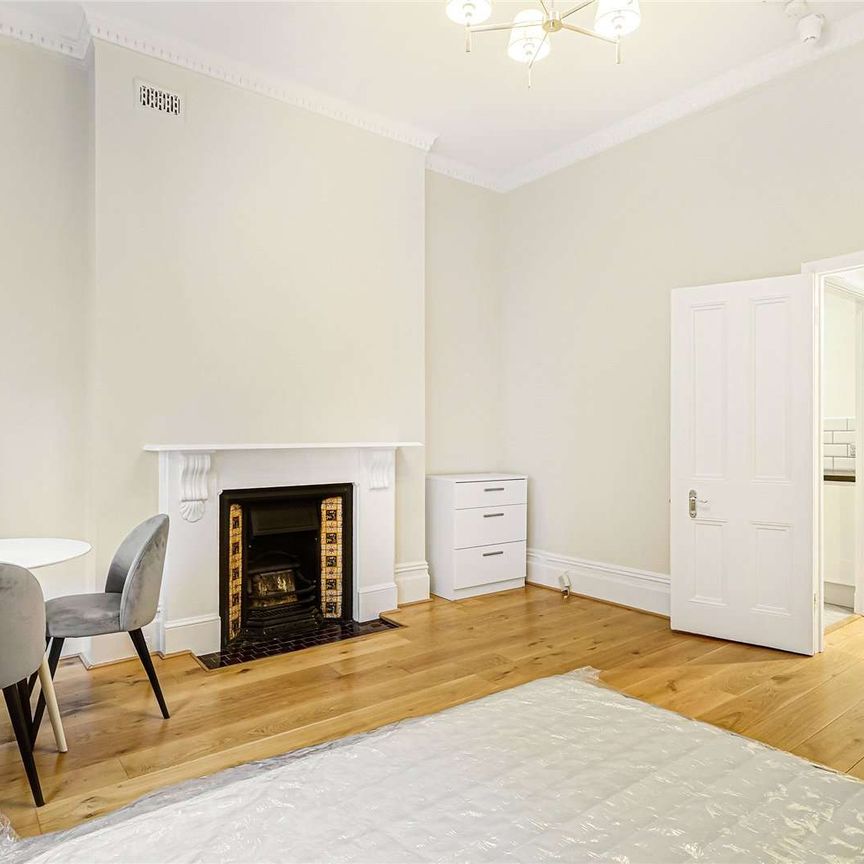 A studio apartment in a classic period building on Egerton Gardens, perfectly placed between Knightsbridge and South Kensington. - Photo 1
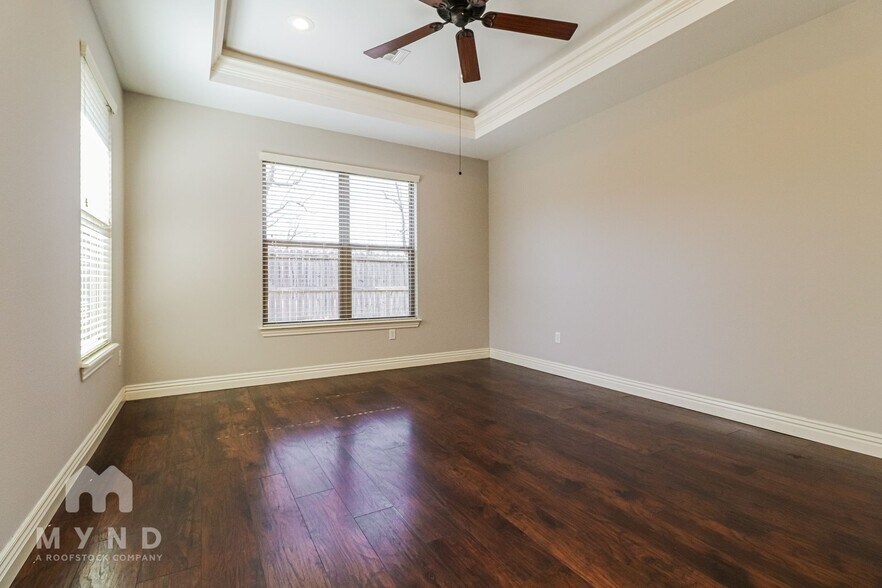 Building Photo - 610 Hawthorn Way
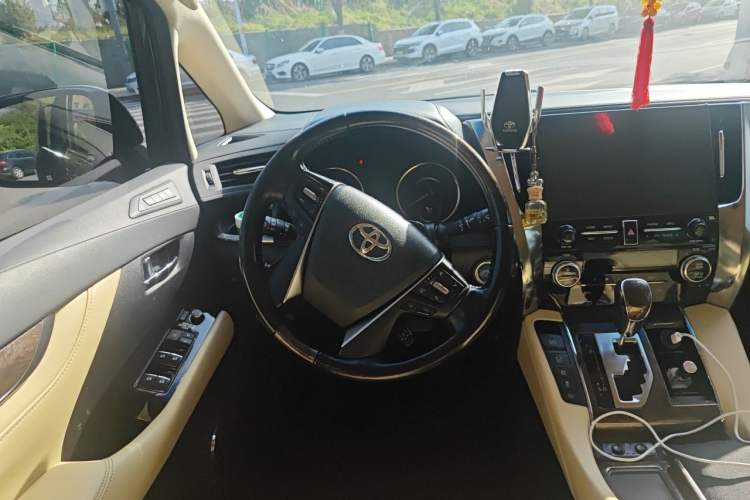 Used Toyota Vellfire 2020 Dual-Engine 2.5L HV Prestige Edition Steering Wheel
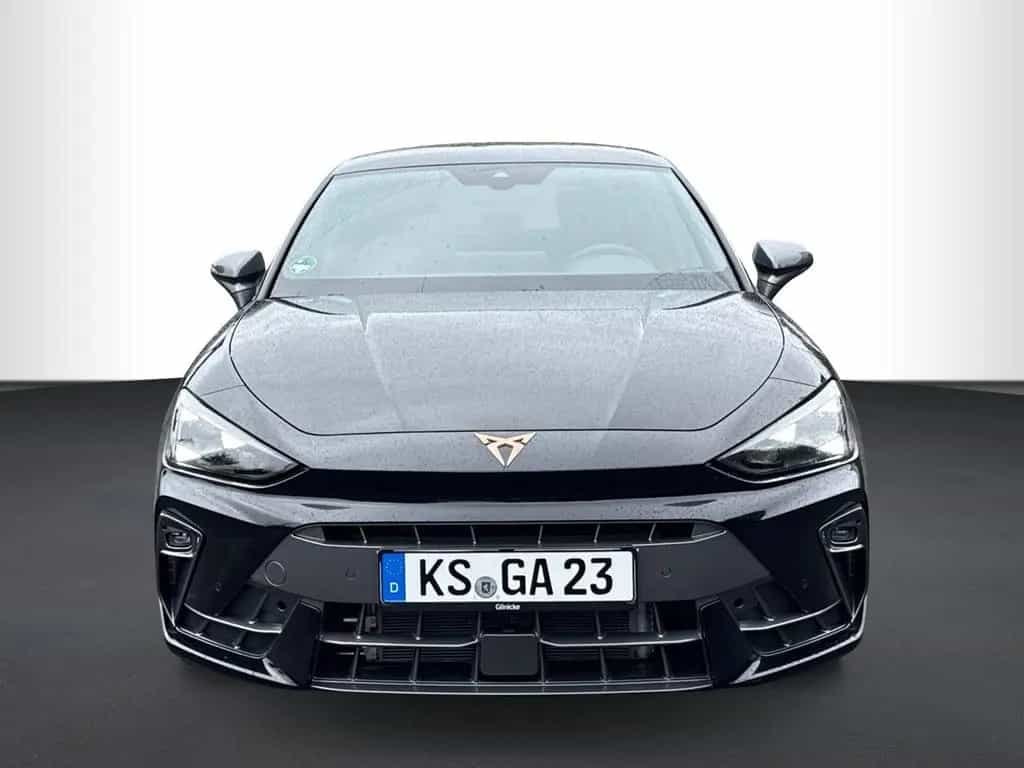 Cupra Leon 1.5 eTSI, DSG, RFK, LED, SHZ 08/2025-photo-2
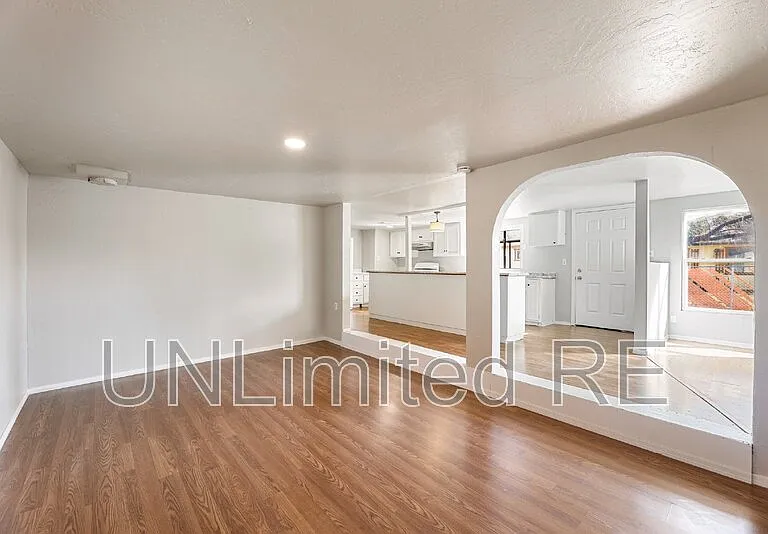 3460 E Colorado Dr — Photo 10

◆ **Brief**: Repeat the full listing above exactly, with no pictures in the copy.

◆ **Written solution**:
 A studio apartment in a classic period building on Egerton Gardens, perfectly placed between Knightsbridge and South Kensington. - Photo 1
 Building Photo - 610 Hawthorn Way
 Used Toyota Vellfire 2020 Dual-Engine 2.5L HV Prestige Edition Steering Wheel
 Cupra Leon 1.5 eTSI, DSG, RFK, LED, SHZ 08/2025-photo-2
 3460 E Colorado Dr — Photo 10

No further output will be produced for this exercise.